Commissioner of the Ada County Highway District
- Incumbent
- Assumed office 2012

Member of the Idaho House of Representatives from the 13B district
- In office December 1, 1992 – December 1, 1994
- Preceded by: Bill Taylor
- Succeeded by: Dave Baumann

Member of the Idaho House of Representatives from the 20B district
- In office December 1, 1988 – December 1, 1992
- Preceded by: Jack Kennevick
- Succeeded by: Robbi King

Personal details
- Born: James Duncan Hansen November 5, 1959 (age 66) Idaho Falls, Idaho, U.S.
- Party: Democratic
- Spouse: Joan Cartan-Hansen
- Relations: Orval Hansen (father)
- Children: 2
- Education: College of William & Mary (BA) University of Idaho (JD)
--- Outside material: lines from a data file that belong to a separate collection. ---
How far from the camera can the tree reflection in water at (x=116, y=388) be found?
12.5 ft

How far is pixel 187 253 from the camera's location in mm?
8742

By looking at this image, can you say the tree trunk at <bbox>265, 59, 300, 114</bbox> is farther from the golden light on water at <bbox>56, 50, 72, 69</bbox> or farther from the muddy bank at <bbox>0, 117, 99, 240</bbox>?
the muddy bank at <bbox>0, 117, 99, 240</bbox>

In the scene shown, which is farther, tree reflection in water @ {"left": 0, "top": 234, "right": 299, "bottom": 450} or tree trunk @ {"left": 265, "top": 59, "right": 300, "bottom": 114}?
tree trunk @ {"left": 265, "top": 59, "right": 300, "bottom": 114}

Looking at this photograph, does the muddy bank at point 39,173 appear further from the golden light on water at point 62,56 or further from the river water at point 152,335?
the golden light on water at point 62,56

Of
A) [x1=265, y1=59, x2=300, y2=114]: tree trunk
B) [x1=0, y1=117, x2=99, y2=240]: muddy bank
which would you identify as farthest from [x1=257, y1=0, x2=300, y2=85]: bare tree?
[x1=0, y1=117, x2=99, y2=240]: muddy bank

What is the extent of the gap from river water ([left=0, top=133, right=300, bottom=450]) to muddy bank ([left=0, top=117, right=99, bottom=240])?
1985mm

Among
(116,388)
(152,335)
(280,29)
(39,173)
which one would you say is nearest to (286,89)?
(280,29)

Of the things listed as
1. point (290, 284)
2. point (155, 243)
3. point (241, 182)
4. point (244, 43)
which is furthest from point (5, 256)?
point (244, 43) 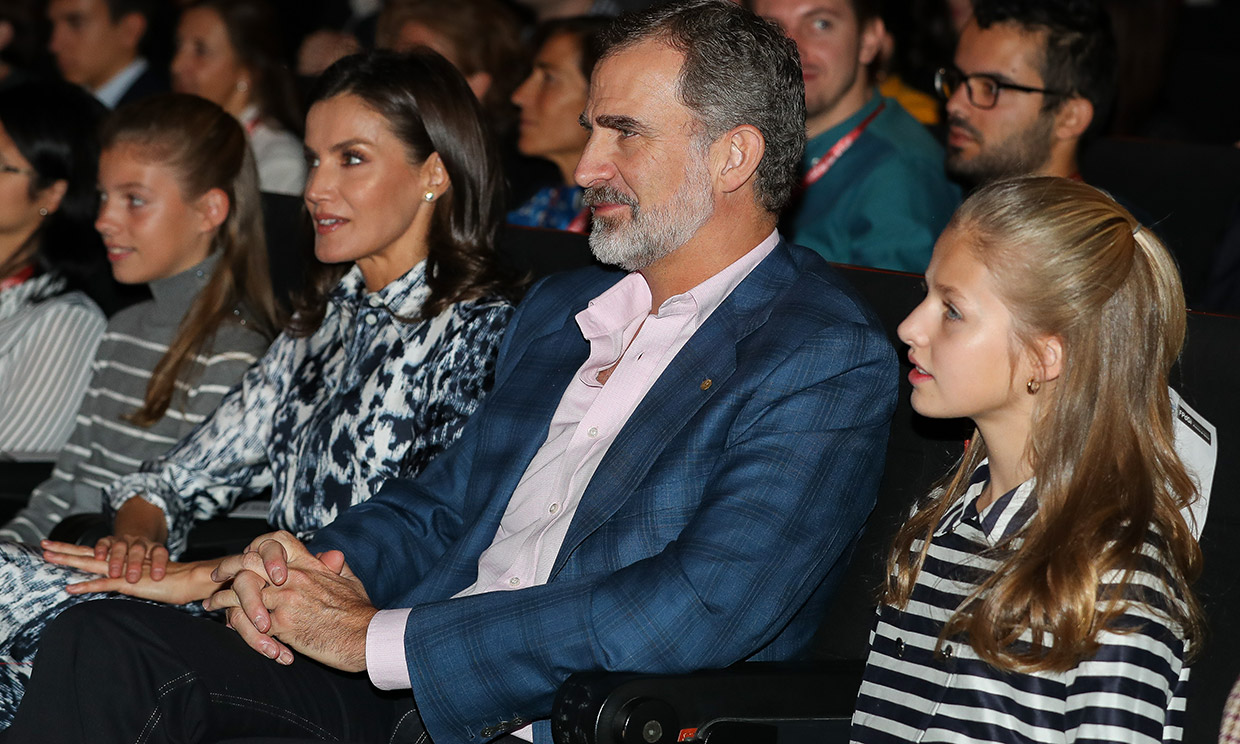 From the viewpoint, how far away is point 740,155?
1733mm

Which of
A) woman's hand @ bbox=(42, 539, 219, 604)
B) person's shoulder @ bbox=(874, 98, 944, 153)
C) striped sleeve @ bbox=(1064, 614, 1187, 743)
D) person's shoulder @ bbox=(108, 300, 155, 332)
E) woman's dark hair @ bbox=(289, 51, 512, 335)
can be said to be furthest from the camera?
person's shoulder @ bbox=(874, 98, 944, 153)

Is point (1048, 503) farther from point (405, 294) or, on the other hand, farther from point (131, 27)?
point (131, 27)

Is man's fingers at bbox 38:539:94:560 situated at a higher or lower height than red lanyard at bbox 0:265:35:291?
lower

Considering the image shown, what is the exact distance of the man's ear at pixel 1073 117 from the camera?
2.84m

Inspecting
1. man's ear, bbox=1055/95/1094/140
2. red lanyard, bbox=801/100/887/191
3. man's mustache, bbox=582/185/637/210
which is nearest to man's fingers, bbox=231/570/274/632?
man's mustache, bbox=582/185/637/210

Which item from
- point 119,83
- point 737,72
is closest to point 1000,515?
point 737,72

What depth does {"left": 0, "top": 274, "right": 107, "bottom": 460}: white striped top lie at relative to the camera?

= Jim Hansen (Idaho politician) =

American politician (born 1959)

James Duncan Hansen (born November 5, 1959) is an American attorney and politician serving as a commissioner of the Ada County Highway District. He was the 2006 Democratic nominee for Congress in Idaho's 2nd district, but was defeated by four-term incumbent Mike Simpson.
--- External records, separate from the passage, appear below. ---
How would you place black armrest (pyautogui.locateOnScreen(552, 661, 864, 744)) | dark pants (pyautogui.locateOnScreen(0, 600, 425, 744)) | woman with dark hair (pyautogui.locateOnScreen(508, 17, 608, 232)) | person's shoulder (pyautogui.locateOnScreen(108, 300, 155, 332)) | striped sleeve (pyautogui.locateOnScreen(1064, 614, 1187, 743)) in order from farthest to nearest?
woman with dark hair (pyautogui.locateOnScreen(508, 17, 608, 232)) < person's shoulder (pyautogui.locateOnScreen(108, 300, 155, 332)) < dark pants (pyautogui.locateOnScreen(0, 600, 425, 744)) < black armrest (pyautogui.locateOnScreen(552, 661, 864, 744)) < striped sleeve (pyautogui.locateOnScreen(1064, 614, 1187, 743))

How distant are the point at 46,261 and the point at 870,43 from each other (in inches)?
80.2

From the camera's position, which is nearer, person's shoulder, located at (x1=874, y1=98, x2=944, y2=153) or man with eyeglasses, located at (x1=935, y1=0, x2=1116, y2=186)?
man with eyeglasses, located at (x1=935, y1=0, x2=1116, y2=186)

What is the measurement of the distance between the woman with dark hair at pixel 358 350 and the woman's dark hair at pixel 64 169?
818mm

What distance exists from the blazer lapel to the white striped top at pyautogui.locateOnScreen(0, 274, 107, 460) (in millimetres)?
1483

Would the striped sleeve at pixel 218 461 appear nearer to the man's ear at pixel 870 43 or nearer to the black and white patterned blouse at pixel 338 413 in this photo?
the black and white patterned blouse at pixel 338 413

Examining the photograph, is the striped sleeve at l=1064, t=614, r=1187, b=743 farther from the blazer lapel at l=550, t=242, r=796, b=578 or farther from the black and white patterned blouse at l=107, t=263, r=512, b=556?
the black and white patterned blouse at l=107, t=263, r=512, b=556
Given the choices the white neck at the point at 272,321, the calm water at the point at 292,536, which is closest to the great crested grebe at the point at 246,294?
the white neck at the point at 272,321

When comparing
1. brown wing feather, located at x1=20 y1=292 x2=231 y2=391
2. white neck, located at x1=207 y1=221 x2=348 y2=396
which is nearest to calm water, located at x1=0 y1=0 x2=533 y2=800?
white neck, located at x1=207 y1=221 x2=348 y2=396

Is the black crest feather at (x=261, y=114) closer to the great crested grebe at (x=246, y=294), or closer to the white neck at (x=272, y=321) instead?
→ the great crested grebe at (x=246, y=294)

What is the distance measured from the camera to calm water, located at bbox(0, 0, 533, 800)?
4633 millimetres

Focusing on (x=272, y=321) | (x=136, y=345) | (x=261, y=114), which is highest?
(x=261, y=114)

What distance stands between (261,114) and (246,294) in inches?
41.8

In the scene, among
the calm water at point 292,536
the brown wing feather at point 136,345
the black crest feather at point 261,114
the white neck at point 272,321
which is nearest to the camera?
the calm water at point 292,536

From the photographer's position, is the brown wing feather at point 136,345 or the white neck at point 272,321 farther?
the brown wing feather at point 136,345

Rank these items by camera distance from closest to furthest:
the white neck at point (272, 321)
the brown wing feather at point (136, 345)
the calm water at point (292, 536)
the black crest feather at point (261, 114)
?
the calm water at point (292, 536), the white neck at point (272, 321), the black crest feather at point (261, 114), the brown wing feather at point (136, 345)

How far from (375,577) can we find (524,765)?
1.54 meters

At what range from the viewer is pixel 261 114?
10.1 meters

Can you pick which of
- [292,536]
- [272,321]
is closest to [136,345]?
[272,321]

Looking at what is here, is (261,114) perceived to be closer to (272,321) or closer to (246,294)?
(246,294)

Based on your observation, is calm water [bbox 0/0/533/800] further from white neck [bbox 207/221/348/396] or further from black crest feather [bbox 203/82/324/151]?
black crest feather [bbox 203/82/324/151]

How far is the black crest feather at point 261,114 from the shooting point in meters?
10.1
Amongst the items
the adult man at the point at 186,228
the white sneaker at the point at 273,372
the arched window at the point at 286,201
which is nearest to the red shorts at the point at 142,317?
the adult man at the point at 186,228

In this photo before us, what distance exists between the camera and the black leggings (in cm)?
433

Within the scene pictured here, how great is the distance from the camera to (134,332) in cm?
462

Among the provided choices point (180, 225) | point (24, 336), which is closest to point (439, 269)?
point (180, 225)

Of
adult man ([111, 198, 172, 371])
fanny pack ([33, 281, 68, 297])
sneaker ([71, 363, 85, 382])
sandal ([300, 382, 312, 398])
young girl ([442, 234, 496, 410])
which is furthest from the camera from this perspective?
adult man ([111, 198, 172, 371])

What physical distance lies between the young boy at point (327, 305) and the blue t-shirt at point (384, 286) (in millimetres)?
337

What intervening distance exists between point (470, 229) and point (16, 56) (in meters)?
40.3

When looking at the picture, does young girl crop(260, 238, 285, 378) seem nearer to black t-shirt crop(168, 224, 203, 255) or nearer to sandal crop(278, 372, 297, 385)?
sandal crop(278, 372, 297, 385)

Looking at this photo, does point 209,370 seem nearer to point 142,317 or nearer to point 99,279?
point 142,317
Hansen was previously a member of the Idaho House of Representatives from 1988 to 1994.

== Early life and education ==
Hansen was born in Idaho Falls and moved with his family to Arlington, Virginia in 1969. His father, Orval Hansen, was elected to Congress in 1968 as a Republican from Idaho's 2nd district and served three terms.

Hansen earned a Bachelor of Arts degree from the College of William and Mary in 1982 and a Juris Doctor from the University of Idaho College of Law in 1985.

== Career ==
While in school, Hansen worked as a ranger and naturalist in Yellowstone National Park.

Hansen began his legal career as an intern for state Attorney General Jim Jones in 1984. He was a law clerk for Chief Justice Charles R. Donaldson of the Idaho Supreme Court from 1985 to 1986. He practiced law with Givens Pursley from 1985 to 1991, focusing primarily on water and natural resource issues.

Hansen was elected to the Idaho House of Representatives in 1988, representing southeast Boise, and was re-elected in 1990 and 1992. Hansen imposed his own term limits and voluntarily retired in 1994.

In 1995 Hansen founded United Vision for Idaho, a coalition of organizations to empower participation in democracy and served as its first executive director. He took a sabbatical from that position during his run for the seat once held by his father but returned to the coalition after the election in 2006. Hansen resigned from United Vision for Idaho in April 2008 upon being named executive director of the Idaho Democratic Party.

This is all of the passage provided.